La nuova frontiera di Ponte San Ludovico era composta da due strutture in ferro che permettevano a doganieri e veicoli in sosta durante i controlli di ripararsi dal sole e dalla pioggia. Solo l’Italia nel 2009 dopo 12 anni dall’entrata in vigore del Trattato di Schengen ha deciso di radere al suolo la struttura, trasformando l’enorme piazzale nell’attuale “Giardino” che ora ospita il monumento del Terzo Paradiso, inaugurato due anni fa.
Negli ultimi giorni siamo andati a rispolverare i vecchi articoli riguardanti l’abbattimento dell’ex dogana, rendendoci conto dell’importanza della frontiera per entrambe le nazioni e di come cambiano i pensieri istituzionali con il cambiamento dei flussi migratori.
Durante la demolizione della struttura doganale italiana il sindaco di Mentone Jean-Claude Guibal fedele al partito “Les Rèpublicains” in un articolo del Nice-Matin dichiarava: “Sono ormai 4 anni che chiediamo allo Stato di sbarazzarci di questa verruca.
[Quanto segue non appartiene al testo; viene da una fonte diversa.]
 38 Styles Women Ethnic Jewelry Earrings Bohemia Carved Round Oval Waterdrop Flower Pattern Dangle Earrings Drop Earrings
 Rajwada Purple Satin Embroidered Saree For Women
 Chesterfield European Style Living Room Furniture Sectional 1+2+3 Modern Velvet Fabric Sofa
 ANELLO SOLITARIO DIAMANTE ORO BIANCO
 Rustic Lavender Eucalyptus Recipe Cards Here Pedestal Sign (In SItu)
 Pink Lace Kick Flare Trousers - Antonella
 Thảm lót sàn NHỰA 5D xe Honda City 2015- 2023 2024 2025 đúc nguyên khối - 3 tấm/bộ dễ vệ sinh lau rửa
Bisogna demolire al più presto possibile la struttura doganale perché è brutta, pericolosa alle persone e soprattutto inutile. Togliendo la dogana potremmo salvaguardare questo posto meraviglioso affacciato sul mare contornato dalle rocce dei Balzi Rossi”.
L’idea di Guibal era infatti quella di sostituire la dogana con un ufficio del turismo oppure un eliporto, consentendo una continuità territoriale con il paesaggio del versante italiano. Nel 2009 l’ex sindaco di Ventimiglia Gaetano Scullino è riuscito a rivalutare la zona di confine facendo costruire l’attuale “Isola verde” che permette la vista del mare anche a chi si ferma al bar tabacchi per concedersi un caffè nel dehor.
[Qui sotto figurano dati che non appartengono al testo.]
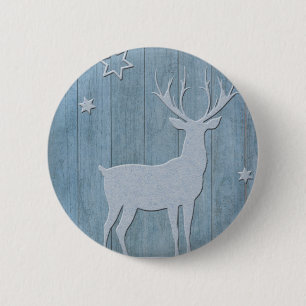 Rustic Blue Wood Reindeer Country Christmas 6 Cm Round Badge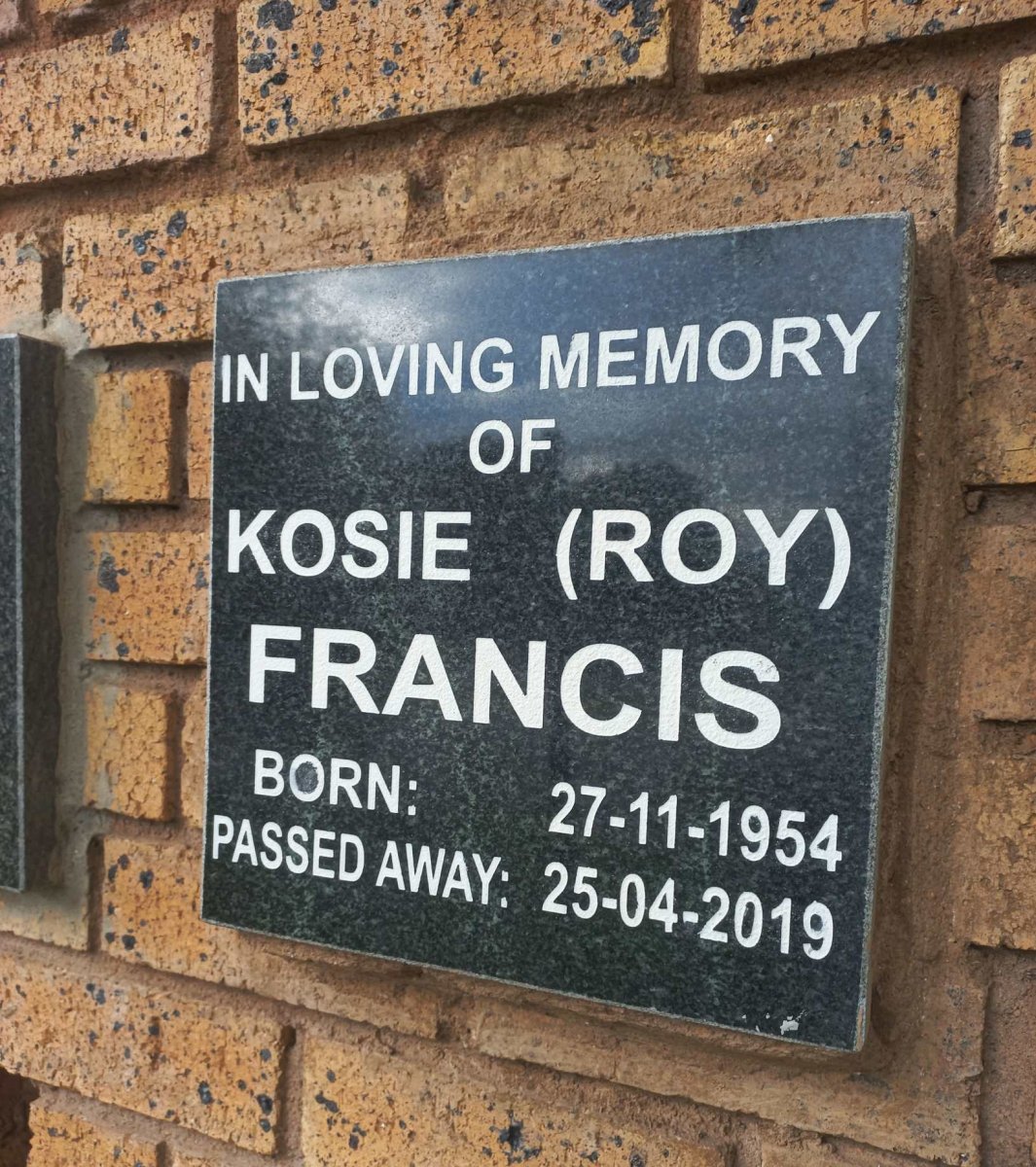 FRANCIS Kosie 1954-2019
Purtroppo i tempi cambiano, muta la stabilità politica mondiale e di conseguenza anche le vite dei cittadini: lo stesso Jean-Claude Guibal nel 2015 con l’arrivo del massiccio flusso migratorio sulle coste italiane proveniente dall’Africa ha lanciato l’appello al governo di Parigi affinché venisse chiusa la frontiera da parte delle autorità. Per i primi mesi di controllo alla frontiera il corpo Crs (Compagnia repubblicana di sicurezza) si è accontentato di presidiare il confine usando i furgoni della polizia come riparo, ma con l’arrivo dell’inverno e l’aumento dei flussi migratori il sindaco di Mentone si è visto costretto a chiedere al Governo la riapertura dei locali dell’ex dogana affinché venissero ripristinati gli uffici. Solo nel 2017 la gendarmeria francese insieme alla Police Aux Frontières è riuscita a respingere in Italia 37mila migranti, “riusciti” a varcare il confine grazie ai mezzi di trasporto quali treni o passeurs, oppure a piedi, passando dalle montagne.
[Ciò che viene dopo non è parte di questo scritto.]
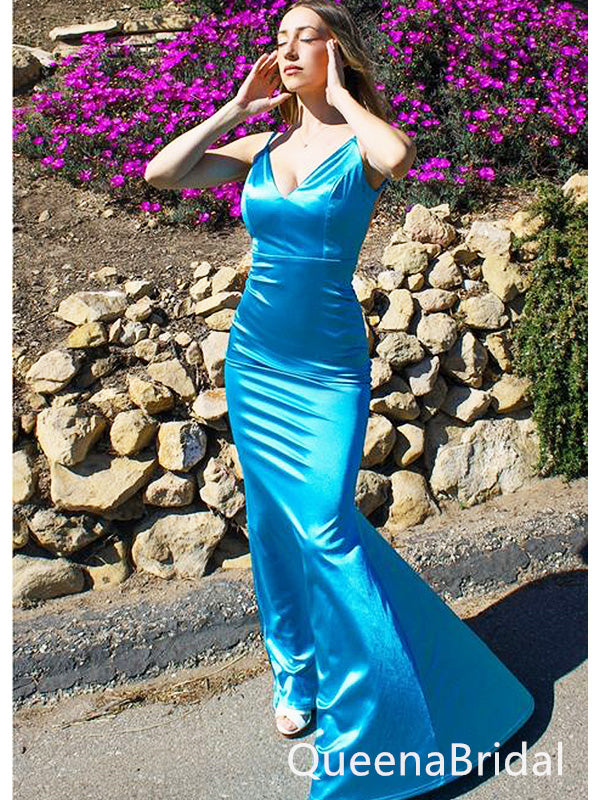 Elegant Blue V Neck Spaghetti Strap Mermaid Evening Long Prom Dresses,WGP479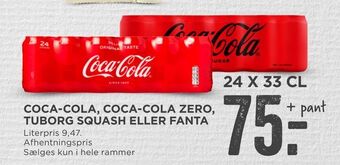 MENY Coca-cola, coca- cola zero, tuborg squash eller fanta tilbud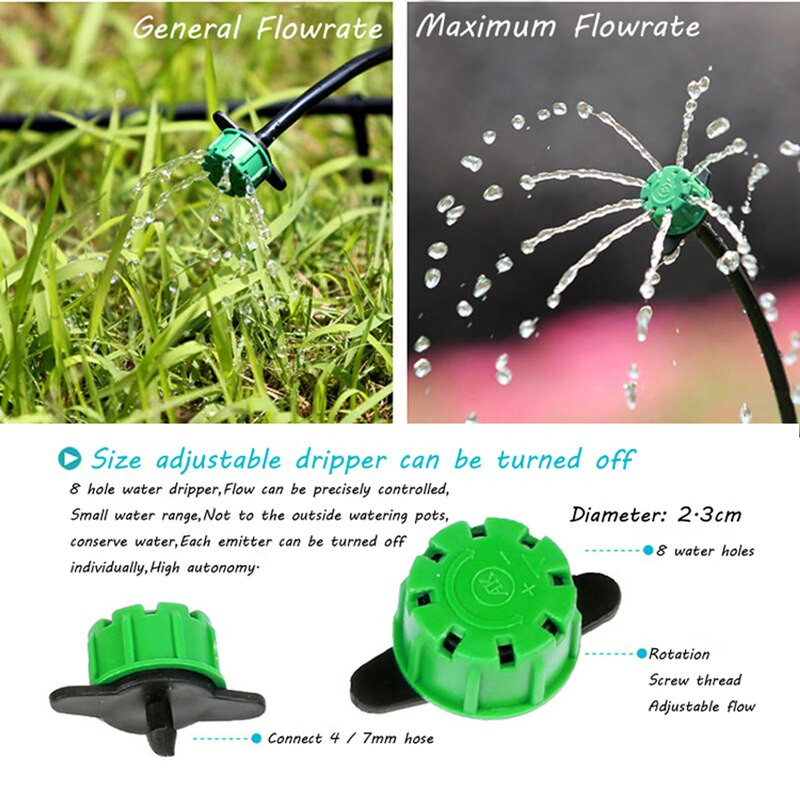 Спринклер за зелена градина с 8 дупки с капкомер за напояване на градината Селскостопански фитинг за поливане 200 бр.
Il sindaco Guibal durante i suoi numerosi comizi ha spesso dichiarato il suo apprezzamento verso l’Italia e l’Europa unita, dichiarando anche durante la celebrazione delle vittime del Bataclan – “Di non dimenticare l’italiano poiché lingua del cuore, ma soprattutto degli italiani” – seppur dovendo rispettare la fede del partito di destra a cui appartiene. La frontiera quindi da quanto si evince da entrambe le parti della linea di confine è una demarcazione che varia di importanza in base agli interessi politici verso i popoli extracomunitari, i comuni cittadini non negheranno mai il fatto che la linea di separazione è un muro invisibile che riesce ad evidenziare la differenza linguistica di due popoli e soprattutto l’inutilità della stessa considerando la cooperazione transfrontaliera dei corpi di polizia al fine di prevenire spiacevoli avvenimenti in entrambi i territori.
Sfortunatamente abitando da questa parte della frontiera siamo costretti a varcare il confine sentendoci ospiti di un territorio straniero a soli pochi chilometri dalla nostra Liguria.